══ Information

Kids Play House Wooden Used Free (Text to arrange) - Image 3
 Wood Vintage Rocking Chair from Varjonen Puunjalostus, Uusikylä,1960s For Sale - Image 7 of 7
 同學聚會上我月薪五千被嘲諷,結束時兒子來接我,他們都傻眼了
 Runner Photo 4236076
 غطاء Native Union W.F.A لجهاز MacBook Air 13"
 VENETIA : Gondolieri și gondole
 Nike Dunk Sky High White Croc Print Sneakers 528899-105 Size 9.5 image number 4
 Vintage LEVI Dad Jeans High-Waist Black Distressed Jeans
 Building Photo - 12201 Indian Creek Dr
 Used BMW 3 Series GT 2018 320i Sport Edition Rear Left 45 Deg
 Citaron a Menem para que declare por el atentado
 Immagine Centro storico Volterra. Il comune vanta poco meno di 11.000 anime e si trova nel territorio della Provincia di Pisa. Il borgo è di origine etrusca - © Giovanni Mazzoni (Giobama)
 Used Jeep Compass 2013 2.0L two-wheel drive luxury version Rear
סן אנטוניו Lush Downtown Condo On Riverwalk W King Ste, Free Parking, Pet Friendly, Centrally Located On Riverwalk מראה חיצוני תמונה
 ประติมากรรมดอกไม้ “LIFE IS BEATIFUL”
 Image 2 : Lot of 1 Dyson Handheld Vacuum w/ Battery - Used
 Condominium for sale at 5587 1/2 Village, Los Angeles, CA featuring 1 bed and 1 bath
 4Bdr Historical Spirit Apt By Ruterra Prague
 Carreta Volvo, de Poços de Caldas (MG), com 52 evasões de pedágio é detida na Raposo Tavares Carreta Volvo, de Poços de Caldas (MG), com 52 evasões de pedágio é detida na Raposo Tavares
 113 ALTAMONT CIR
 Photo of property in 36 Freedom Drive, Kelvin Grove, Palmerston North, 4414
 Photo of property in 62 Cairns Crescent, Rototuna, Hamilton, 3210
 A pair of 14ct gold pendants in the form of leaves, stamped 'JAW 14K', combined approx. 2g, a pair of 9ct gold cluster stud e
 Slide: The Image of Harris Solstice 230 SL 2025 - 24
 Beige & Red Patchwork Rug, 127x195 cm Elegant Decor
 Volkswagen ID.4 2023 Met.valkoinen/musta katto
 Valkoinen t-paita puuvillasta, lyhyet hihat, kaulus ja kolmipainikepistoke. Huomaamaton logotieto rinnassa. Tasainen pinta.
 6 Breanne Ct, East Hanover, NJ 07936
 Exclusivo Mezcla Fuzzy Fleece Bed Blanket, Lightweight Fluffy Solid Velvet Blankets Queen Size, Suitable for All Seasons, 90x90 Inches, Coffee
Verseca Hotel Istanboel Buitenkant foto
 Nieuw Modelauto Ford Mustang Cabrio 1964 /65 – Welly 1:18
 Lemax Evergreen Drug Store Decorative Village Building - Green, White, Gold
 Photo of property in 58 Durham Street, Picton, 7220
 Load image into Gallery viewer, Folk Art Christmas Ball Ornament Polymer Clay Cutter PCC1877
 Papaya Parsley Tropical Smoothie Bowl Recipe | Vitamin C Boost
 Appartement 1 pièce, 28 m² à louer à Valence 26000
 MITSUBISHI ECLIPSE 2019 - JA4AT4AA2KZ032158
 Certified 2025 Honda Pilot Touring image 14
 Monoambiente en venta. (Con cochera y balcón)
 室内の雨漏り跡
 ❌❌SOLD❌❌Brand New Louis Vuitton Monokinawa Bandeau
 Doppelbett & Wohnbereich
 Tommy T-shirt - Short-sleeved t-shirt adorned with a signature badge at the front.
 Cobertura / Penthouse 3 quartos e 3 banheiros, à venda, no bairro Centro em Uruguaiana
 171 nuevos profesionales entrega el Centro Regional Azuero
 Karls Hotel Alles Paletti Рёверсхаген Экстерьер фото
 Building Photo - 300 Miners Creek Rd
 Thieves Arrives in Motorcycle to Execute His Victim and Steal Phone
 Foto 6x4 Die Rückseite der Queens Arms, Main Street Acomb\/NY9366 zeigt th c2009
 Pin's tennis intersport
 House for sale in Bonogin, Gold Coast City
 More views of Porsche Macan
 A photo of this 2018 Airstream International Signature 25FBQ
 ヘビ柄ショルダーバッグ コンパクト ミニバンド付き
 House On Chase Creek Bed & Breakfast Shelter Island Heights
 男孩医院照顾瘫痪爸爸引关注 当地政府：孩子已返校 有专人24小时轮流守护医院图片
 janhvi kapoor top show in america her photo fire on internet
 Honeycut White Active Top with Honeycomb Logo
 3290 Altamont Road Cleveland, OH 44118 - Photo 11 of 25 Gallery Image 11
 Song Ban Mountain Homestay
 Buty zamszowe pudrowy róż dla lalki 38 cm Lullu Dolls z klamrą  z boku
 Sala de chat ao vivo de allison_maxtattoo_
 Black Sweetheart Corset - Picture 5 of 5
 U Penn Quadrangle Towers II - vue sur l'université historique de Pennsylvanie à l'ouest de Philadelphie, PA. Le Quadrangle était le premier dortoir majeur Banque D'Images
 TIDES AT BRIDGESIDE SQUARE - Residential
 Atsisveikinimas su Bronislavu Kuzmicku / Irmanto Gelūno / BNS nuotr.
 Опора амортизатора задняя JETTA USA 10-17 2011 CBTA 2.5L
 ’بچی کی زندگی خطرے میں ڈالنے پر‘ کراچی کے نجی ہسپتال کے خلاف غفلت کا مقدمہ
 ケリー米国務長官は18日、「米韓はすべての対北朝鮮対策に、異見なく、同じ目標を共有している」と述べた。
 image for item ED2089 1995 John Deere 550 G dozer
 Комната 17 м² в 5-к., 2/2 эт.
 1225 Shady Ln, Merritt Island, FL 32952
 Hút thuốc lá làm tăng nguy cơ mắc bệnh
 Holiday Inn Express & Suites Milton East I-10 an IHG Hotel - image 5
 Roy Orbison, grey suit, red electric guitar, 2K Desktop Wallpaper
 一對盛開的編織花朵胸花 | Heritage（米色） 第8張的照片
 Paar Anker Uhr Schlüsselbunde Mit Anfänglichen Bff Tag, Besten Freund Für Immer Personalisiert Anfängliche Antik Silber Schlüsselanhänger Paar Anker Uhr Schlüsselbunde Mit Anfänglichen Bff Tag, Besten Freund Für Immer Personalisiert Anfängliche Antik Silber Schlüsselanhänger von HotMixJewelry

════

**About this task:**
Among the lines in the data above, find those containing "Gallery" and give only how many there are.

**Answer to the problem:**
2